What to do | Whenever a picture appears in the listing below, leave it out, and copy exactly the lines from the one containing "Elegant Transitional Jacket" through the end.

Material for this exercise |
----

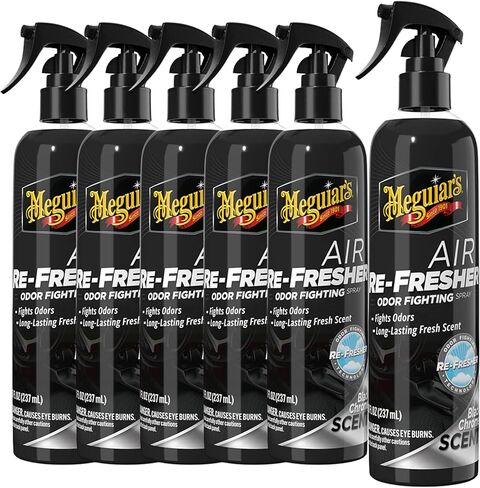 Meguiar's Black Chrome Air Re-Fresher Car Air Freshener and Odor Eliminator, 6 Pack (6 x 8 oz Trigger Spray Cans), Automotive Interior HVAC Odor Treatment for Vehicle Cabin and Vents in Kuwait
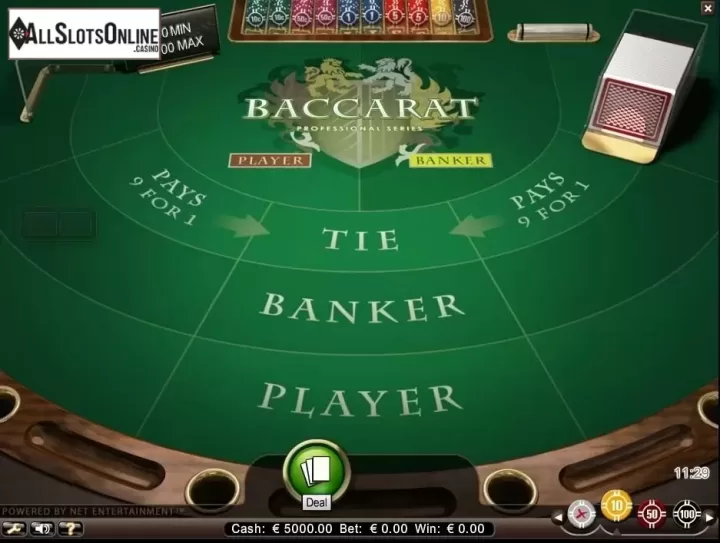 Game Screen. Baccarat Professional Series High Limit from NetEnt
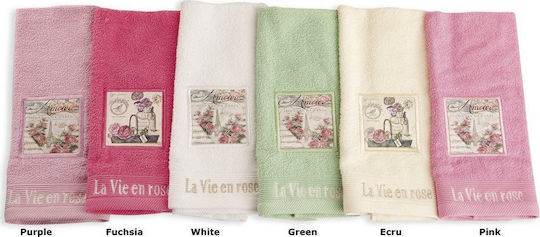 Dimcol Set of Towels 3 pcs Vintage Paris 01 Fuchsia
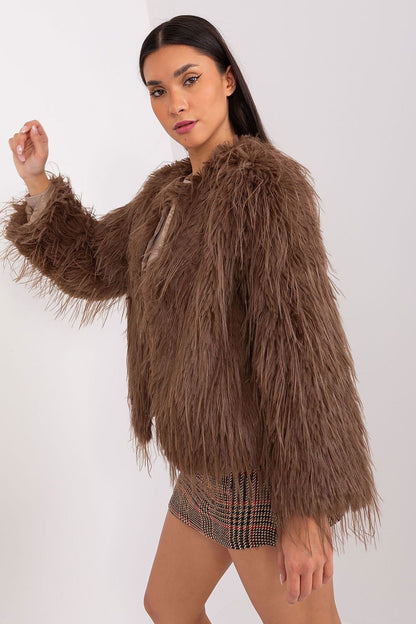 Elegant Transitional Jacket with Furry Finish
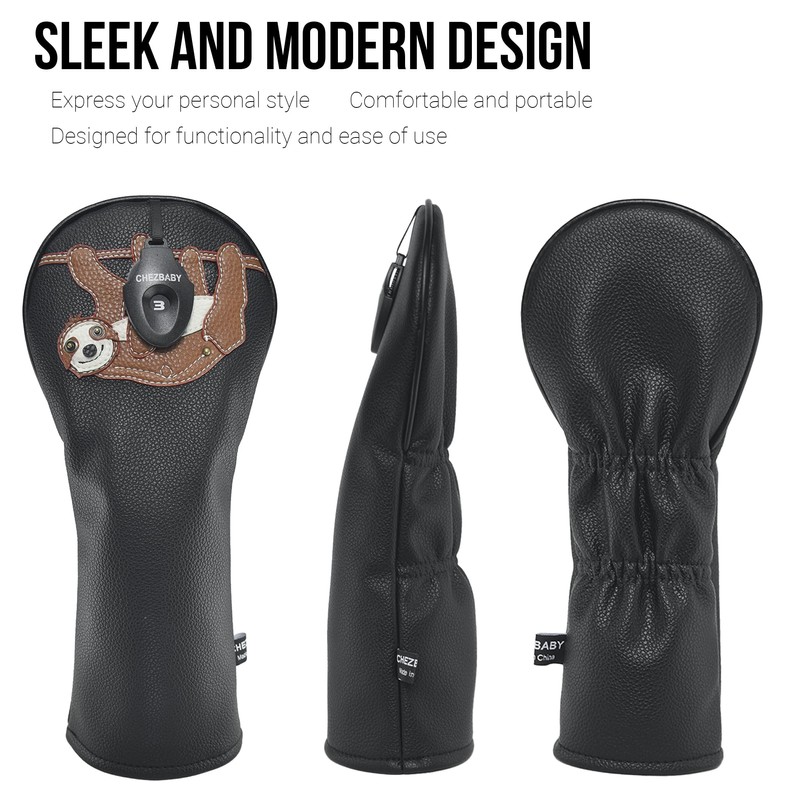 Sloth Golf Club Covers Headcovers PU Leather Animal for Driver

----

Response area |
 Elegant Transitional Jacket with Furry Finish
 Sloth Golf Club Covers Headcovers PU Leather Animal for Driver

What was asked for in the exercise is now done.